Where the line containing "81 ildeki huzur" appears, start repeating, and continue exactly through the last line below, adding nothing. Include no pictures.

#### Source data
---------------

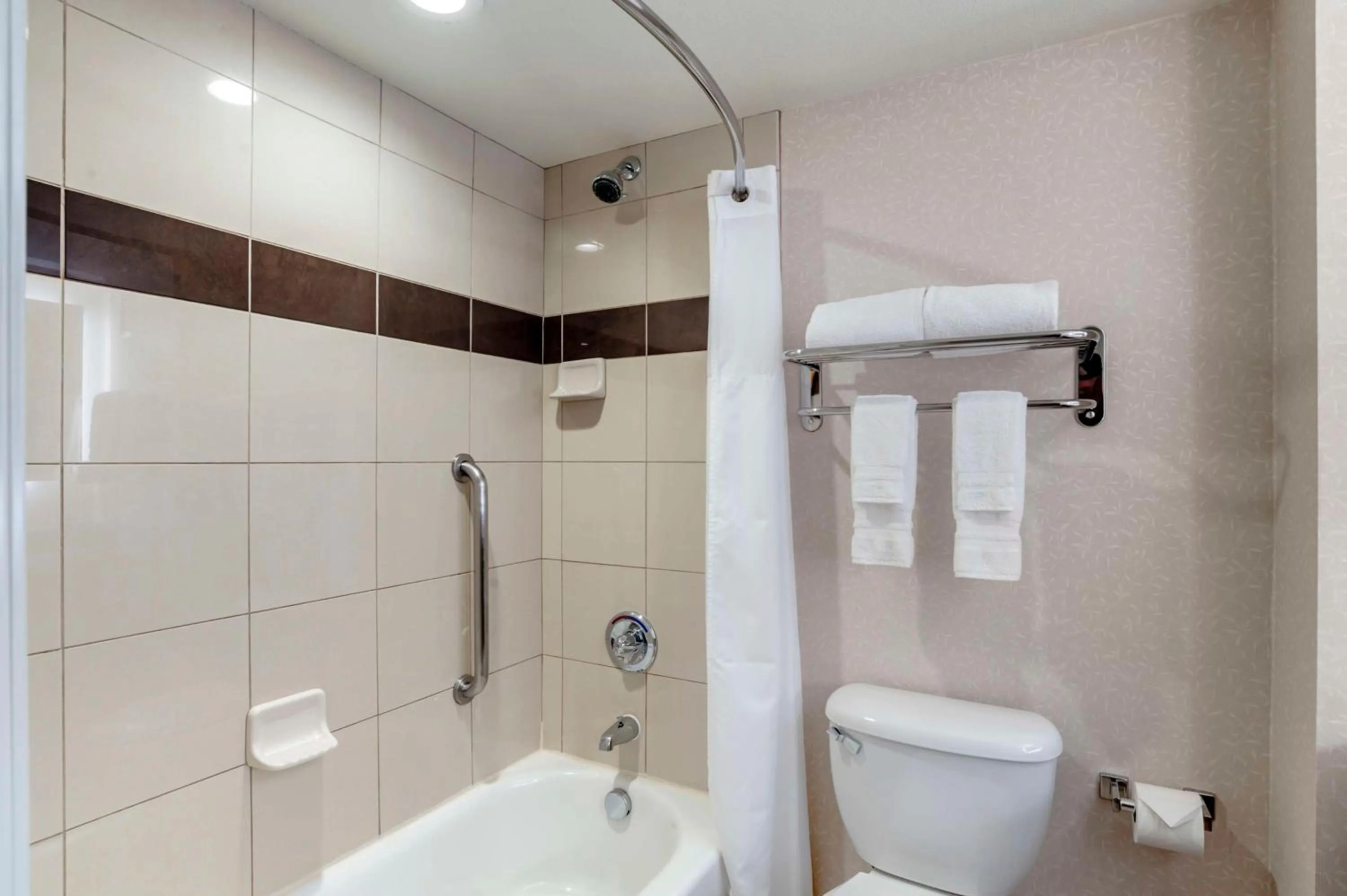 Bathroom in Best Western Plus Marina Gateway Hotel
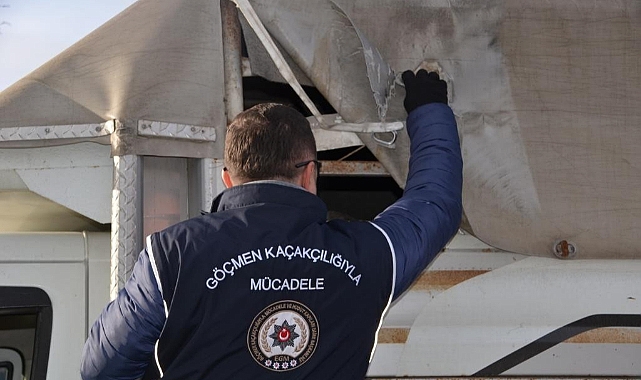 81 ildeki huzur operasyonunda 883 düzensiz göçmen yakalandı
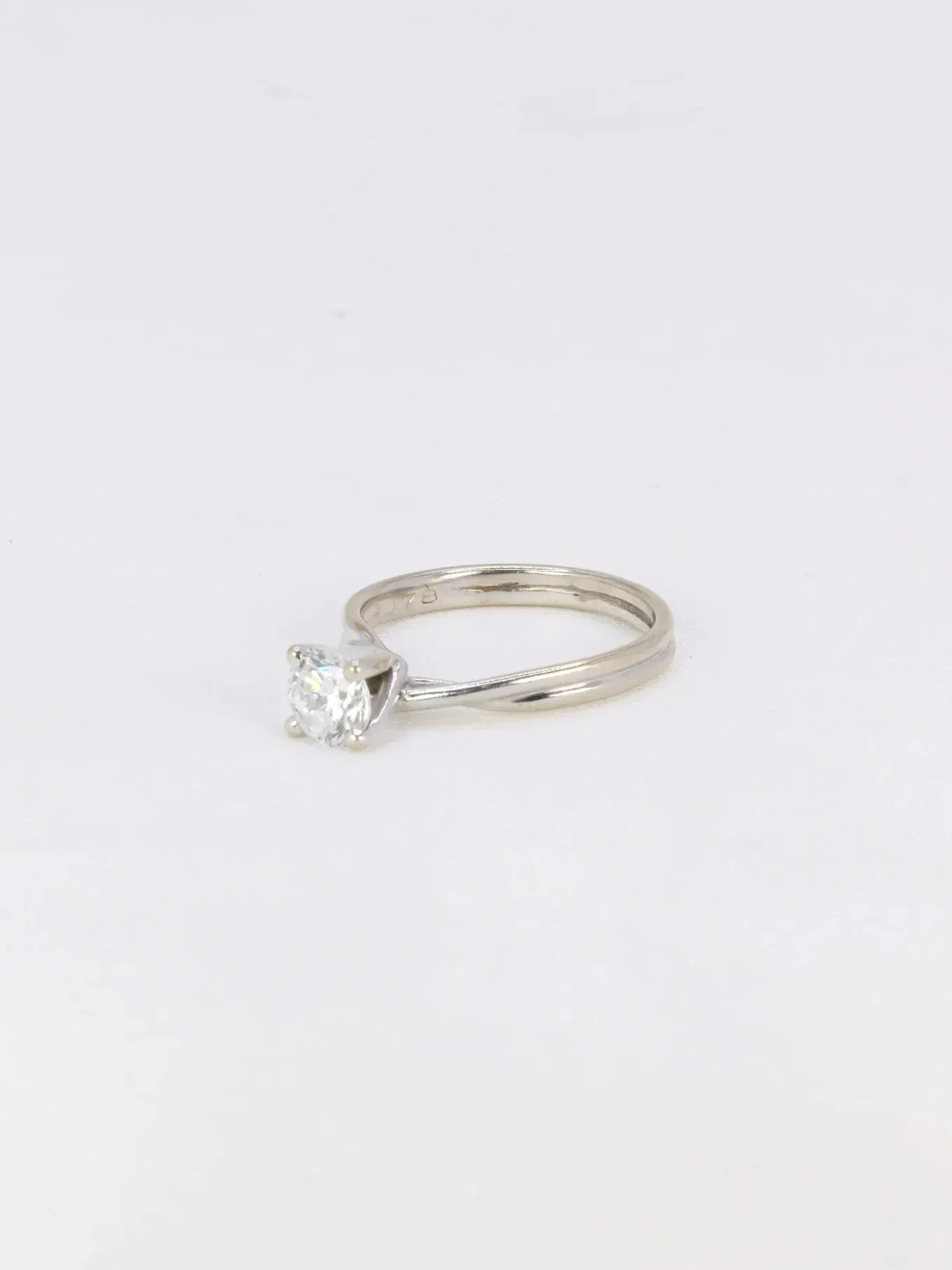 0.8ct brilliant cut diamond solitaire ring in twisted white gold - Image 3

---------------

#### Task answer
 81 ildeki huzur operasyonunda 883 düzensiz göçmen yakalandı
 0.8ct brilliant cut diamond solitaire ring in twisted white gold - Image 3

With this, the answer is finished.